Data sources and searches

We completed a systematic review according to the Preferred Reporting Items for Systematic Review and Meta-analyses (PRISMA) guidelines [12]. We searched MEDLINE, PubMed, Cochrane Library, and Embase from January 1, 2007 to July 1, 2018 for RCTs, comparing CCTA to ST for suspected underlying CAD in patients who presented with CP. We combined search terms using the Boolean operator OR. Our search strategy included (Coronary Computed Tomography Angiography) OR (CCTA) OR (Coronary CTA) OR (Coronary CT Angiography). Due to the advancement in multislice CT technology, we only included studies performed after 2007. After duplicates were removed, a total of 405 studies were identified.

Study selection

Three reviewers (W.J.S., W.A., and M.S.R.) reviewed the abstracts and selected 59 articles for a full review. A total of 16 RCTs met the predefined inclusion criteria for qualitative and quantitative analysis comparing CCTA to ST: myocardial perfusion imaging or scan, stress electrocardiogram (bicycle or treadmill), stress echocardiogram, pharmacologic nuclear scan, graded exercise testing, and pharmacologic ST (Figure 1) [13-28].

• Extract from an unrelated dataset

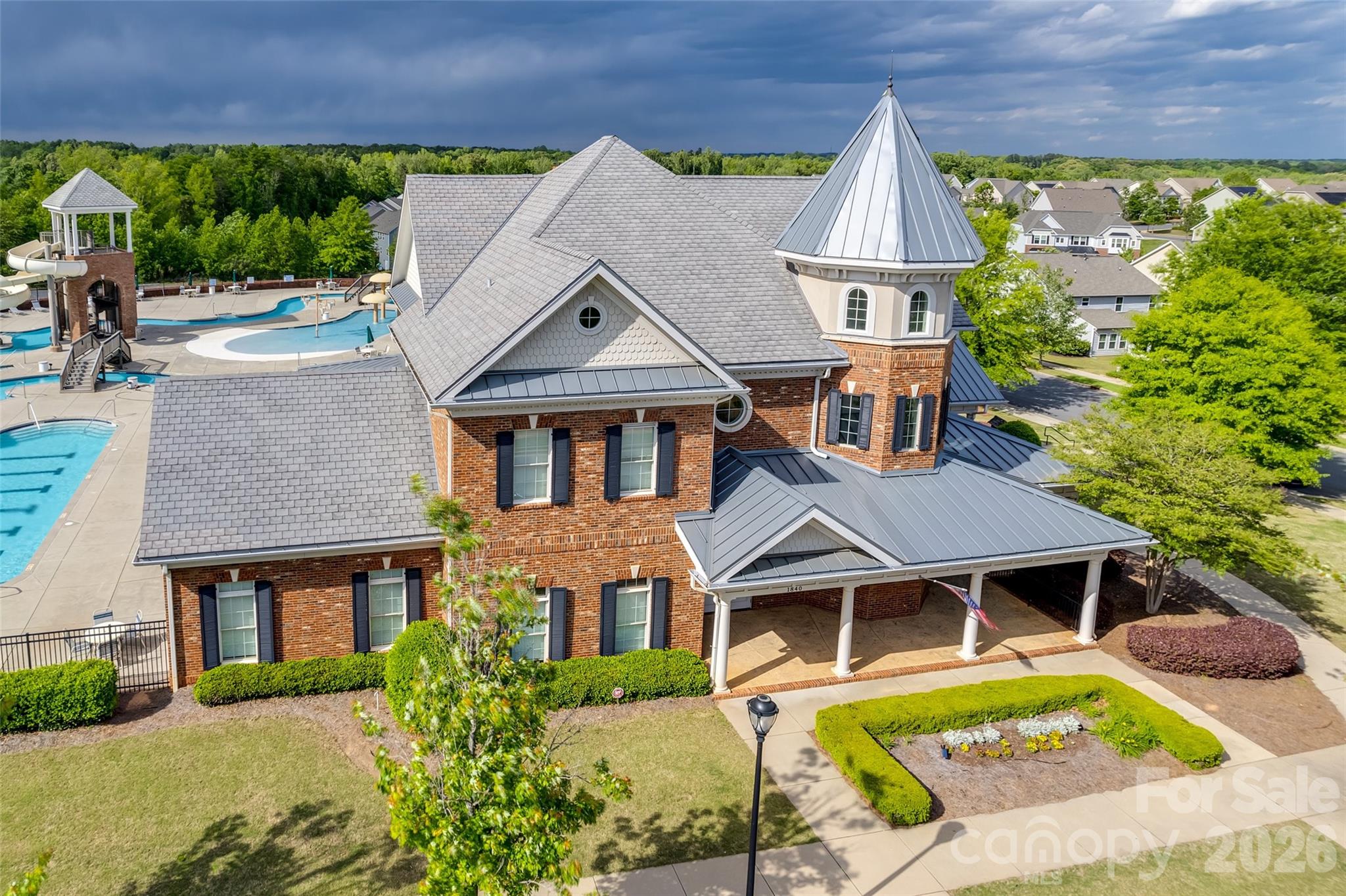 1101 Thomas Knapp Parkway Fort Mill SC 29715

Figure 1. PRISMA 2009 study flow diagram.

Figure 1

 PRISMA, preferred reporting items for systematic reviews and meta-analyses; RCT, randomized control trial; CCTA, coronary computed tomography angiography; ST, stress testing.

Inclusion criteria

We used the following inclusion criteria: prospective RCTs, RCTs comparing CCTA to ST after CP, age ≥ 18 years, study population ≥ 50 patients, and follow-up ≥ four weeks.

Data extraction and quality assessment

W.J.S., M.S.R., and W.A. extracted data into predefined fields on a Microsoft Excel sheet for baseline characteristics and study outcomes. W.J.S. cross-checked the data and made the necessary corrections. All three reviewers discussed the revisions and agreed to the final entry.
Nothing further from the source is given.